Berdiri di ambang pintu kompartemen, Edrick menunjuk berbagai detail di dalam ruangan sambil menjelaskan, ekspresinya tenang dan kalem. Sikap profesionalnya membuat kerumunan di sekitarnya, termasuk kondektur, tertegun sejenak.
"Memikirkan dia membawa Hudson-24 dan tetap saja ditikam dengan pisau… Pembunuhnya pasti orang yang sangat berbahaya. Jadi, detektif, apa yang harus kita lakukan sekarang?"
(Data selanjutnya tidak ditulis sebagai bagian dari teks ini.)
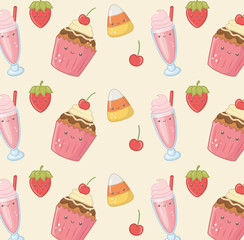 delicious and sweet products kawaii characters pattern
Kondektur, sedikit terkejut, menoleh ke Edrick untuk meminta petunjuk. Ini pertama kalinya dia menangani insiden seperti itu, dan dia tidak tahu harus berbuat apa. Bertemu seorang profesional dalam situasi seperti itu sungguh beruntung.
Ekspresi Edrick berubah serius ketika dia bertanya, "Kondektur, kapan pemberhentian berikutnya?"
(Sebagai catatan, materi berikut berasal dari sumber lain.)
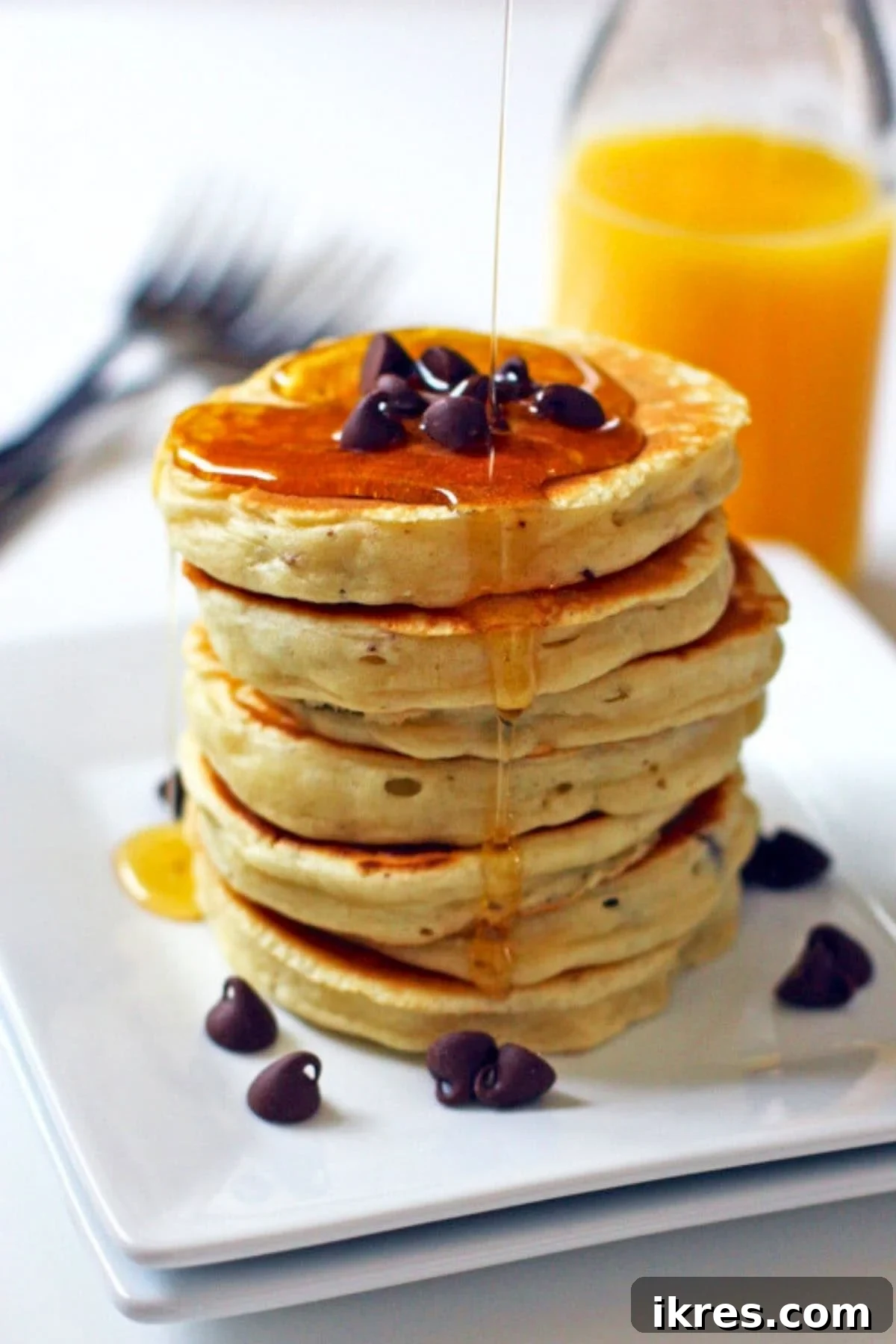 Golden Choc-Chip Stacks 2 Chocolate Chip Pancakes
"Kita sedang mendekati Firwood Town. Kita akan berhenti sebentar di sana untuk mengisi ulang persediaan."
Kondektur menjawab dengan jujur. Tanpa ragu, Edrick menimpali.
"Kita tidak bisa berhenti di situ, kondektur. Kalau berhenti, pembunuhnya mungkin akan kabur lewat jendela. Sampai kita mencapai kota besar dengan jumlah polisi yang cukup untuk mengambil alih penyelidikan, kita harus terus bergerak."
"Sekalipun kita tidak bisa menangkap pembunuhnya sendiri, setidaknya kita harus memastikan dia tetap berada di kereta ini. Sebagai warga kerajaan, adalah tugas kita untuk tidak membiarkan kejahatan tak terhukum."
Edrick berbicara dengan keyakinan yang teguh. Setelah merenung sejenak, kondektur mengangguk.
"Anda benar, Detektif. Kalau begitu, kita tidak akan berhenti di Firwood Town. Kota berikutnya adalah Montoya. Jika kita terus berjalan tanpa berhenti, kita akan tiba sekitar empat jam lagi. Saya akan mengirim telegram ke Stasiun Montoya untuk memberi tahu pihak berwenang dan menyiapkan polisi."
Keputusan kondektur itu tegas, dan saat ia berbicara, Dorothy, yang bersembunyi di antara kerumunan, tersenyum tipis.
"Sekarang, kau tidak akan bisa lari semudah itu."
Masih tersenyum, Dorothy terus memanipulasi Edrick sambil berbicara kepada kondektur.
"Kondektur, keberadaan seorang pembunuh di antara penumpang sungguh meresahkan. Saya ingin mencoba mengidentifikasi pelakunya. Jika memungkinkan, saya sangat menghargai kerja sama awak kereta Anda."
"Idealnya kita bisa menemukan pembunuhnya. Tapi detektif, apakah Anda benar-benar mampu melakukannya?" Nada suara kondektur terdengar ragu. Ia belum siap memercayai orang asing yang mengaku detektif, apalagi melibatkan seluruh awak kereta untuk membantunya.
Menanggapi keraguan kondektur, Edrick menanggapinya dengan senyum percaya diri.
"Tentu saja, Anda bisa percaya pada saya—Letnan, veteran Perang Kolonial Ufiga."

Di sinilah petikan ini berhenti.